La alterización en tiempos de extensión de la pobreza se sostiene fijando la atención en sus formas más extremas y reproduciendo estereotipos acerca de sus causas para romper el continuo de empobrecimiento que vincula la lucha por los derechos sociales de quién encaja dentro de los límites de la normalidad de la lucha por la supervivencia de quien sobrevive en la calle. Sostener el mito de que las personas de la calle sufren algún tipo de patología social permite mantener la problemática fuera del foco de la lucha por el acceso a la vivienda y situarla en el campo de la intervención social o de la filantropía. Pero la realidad es testaruda y la evidencia empírica indica que lo que tienen en común las personas sin techo de las ciudades ricas es que no tienen acceso a una vivienda. Los itinerarios vitales hasta llegar a la calle son tan variados que hablar de perfiles mayoritarios es reproducir imágenes estereotipadas. Durmiendo en la calle cada noche hay hombres y mujeres sin red familiar y social expulsados del mercado laboral, jóvenes que tras un proceso de emancipación familiar traumàtico no han podido mantener sus fuentes de ingresos, personas migrantes que tras durísimos viajes y después de sufrir condiciones de explotación en empleos hiperprecarios sufren una enfermedad o un accidente… infinidad de historias dificilmente clasificables en unos pocos perfiles de desviación social. 
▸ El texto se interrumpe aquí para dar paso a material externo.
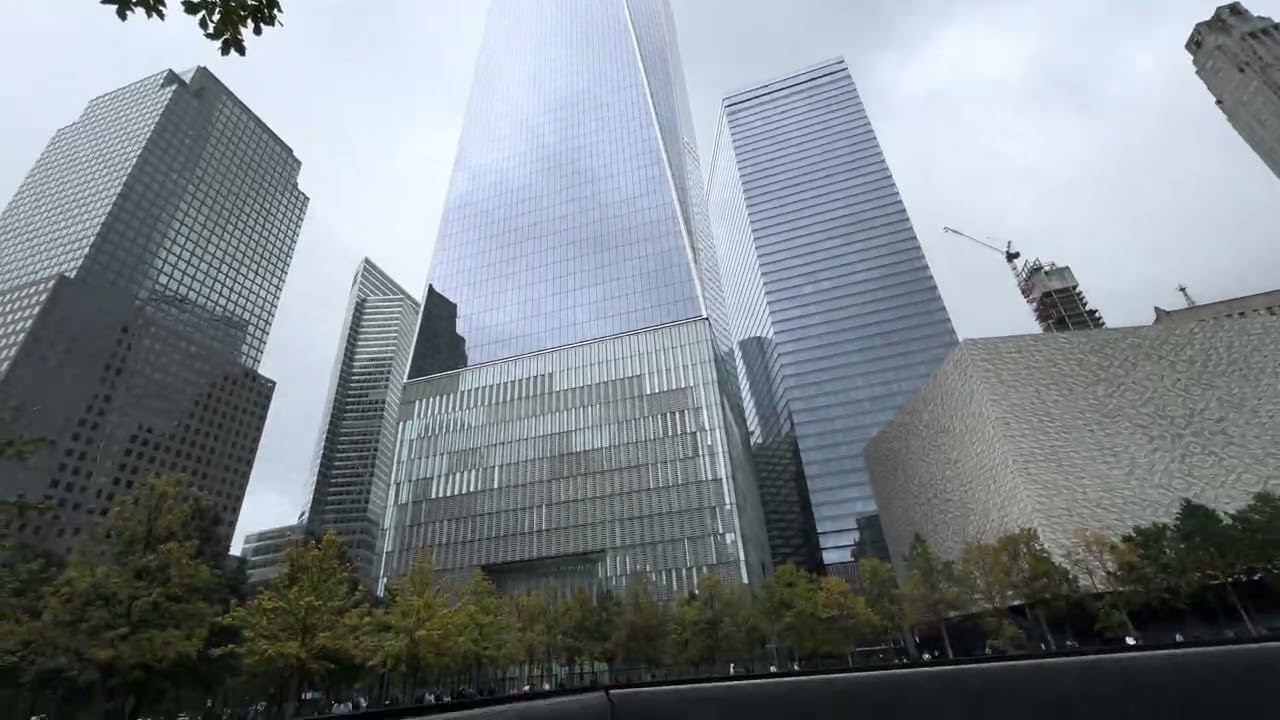 Ground Zero Memorial New York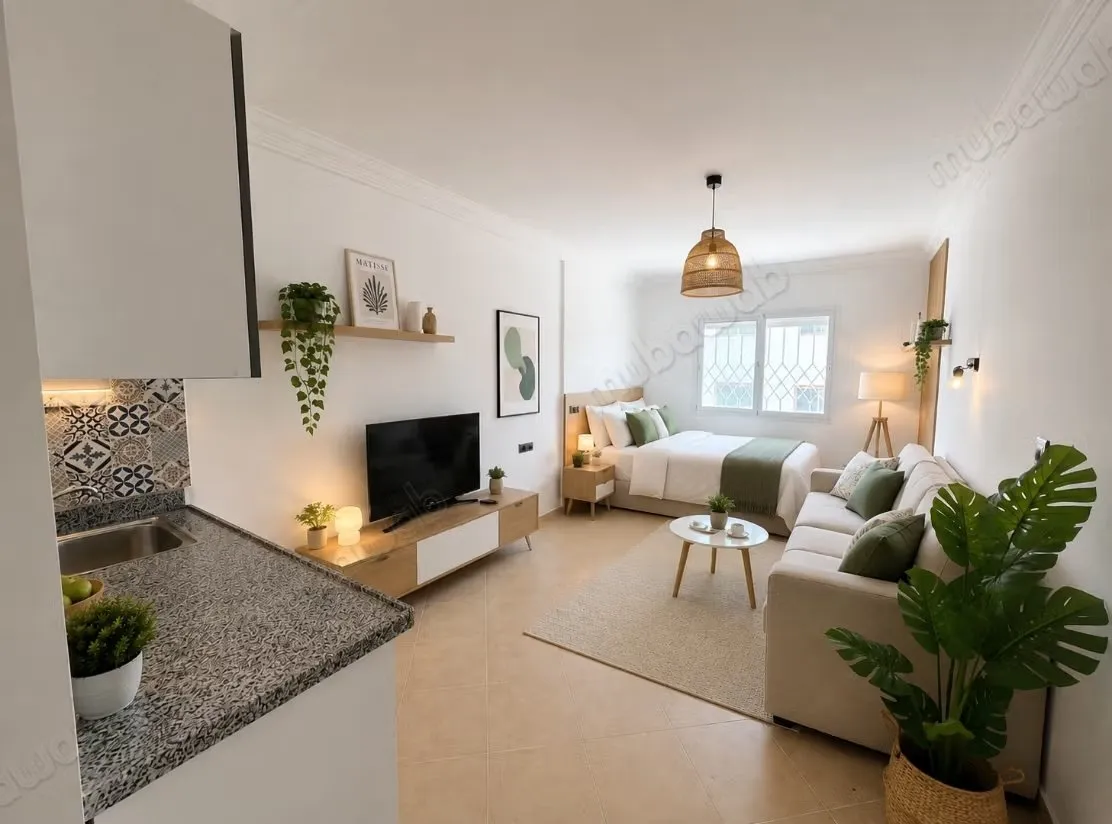APPARTEMENTS ET STUDIOS NEUFS À VENDRE À TANGER - كزناية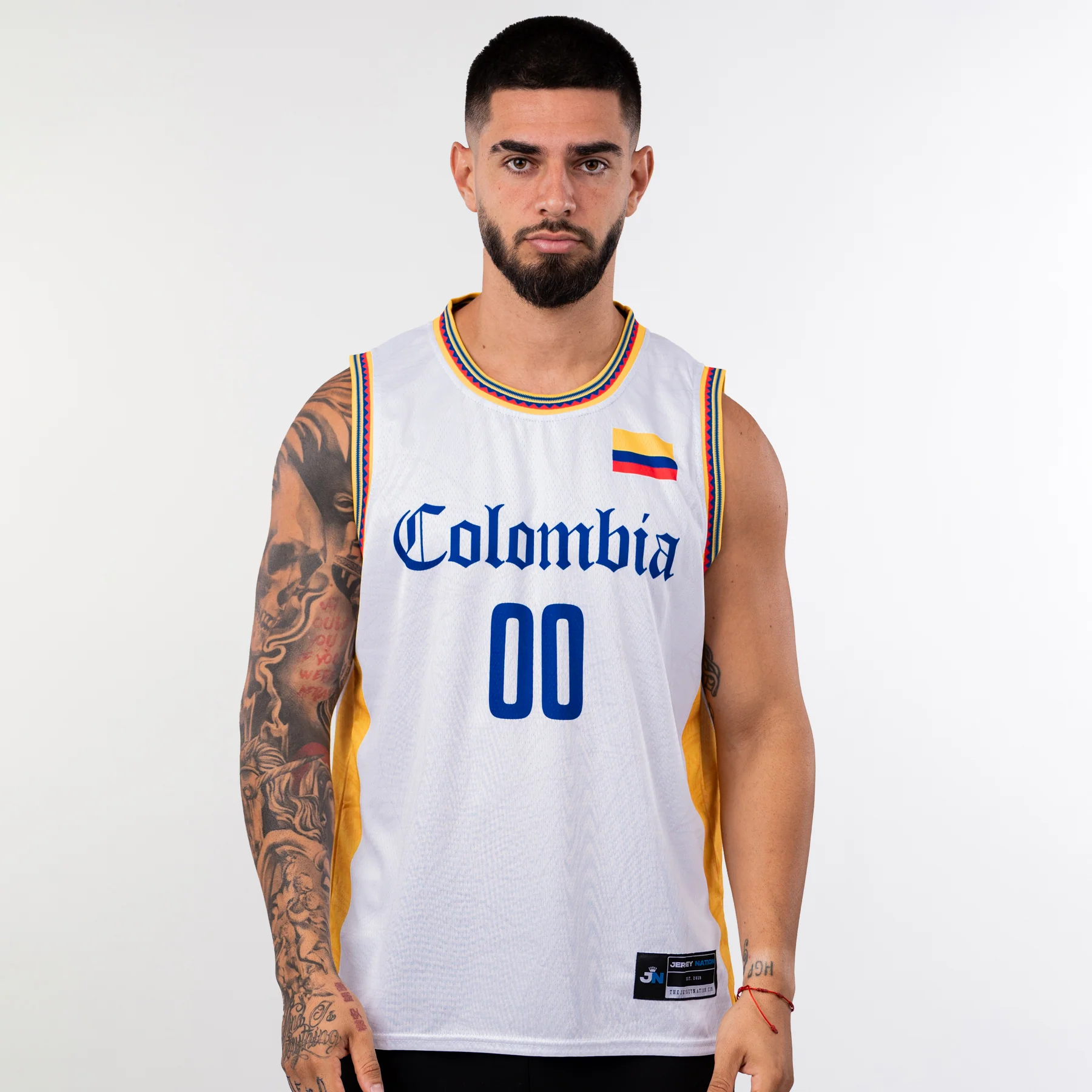 Colombia Heritage Custom Basketball Jersey - Image 20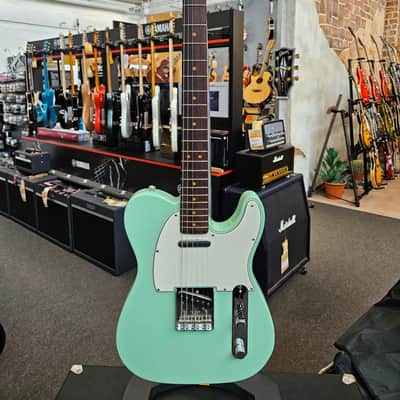 Fender American Vintage II 1963 Telecaster Surf Green image 2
El 16 de abril, en varias ciudades británicas se celebraron marchas con las personas sin techo. Movimientos sociales de base expresaron su solidaridad con las víctimas más evidentes de una exclusión residencial que afecta con mayor o menor intensidad a millones de personas. La reivindicación central de las marchas era el derecho a una vivienda digna no a una mejor atención a las personas sin techo; y no se trata de matiz sin importancia sino del núcleo de la propia movilización. A pesar de generar pobreza y sinhogarismo, las políticas neoliberales no están reñidas con la filantropía y con la acción social. Al contrario, requieren de herramientas de gestión de las miserias que canalicen los malestares y las inseguridades sin poner en cuestión la construcción de la pobreza desde la alteridad; que permitan a los que disfrutan de una vivienda vehicular su necesidad de hacer algo por quién sufre sin identificarse con él.

Lo transgresor no es mejorar las políticas que consideran a “los pobres”, y concretamente a las personas sin techo, objetos de intervención social. Lo transgresor es considerarlos sujetos políticos.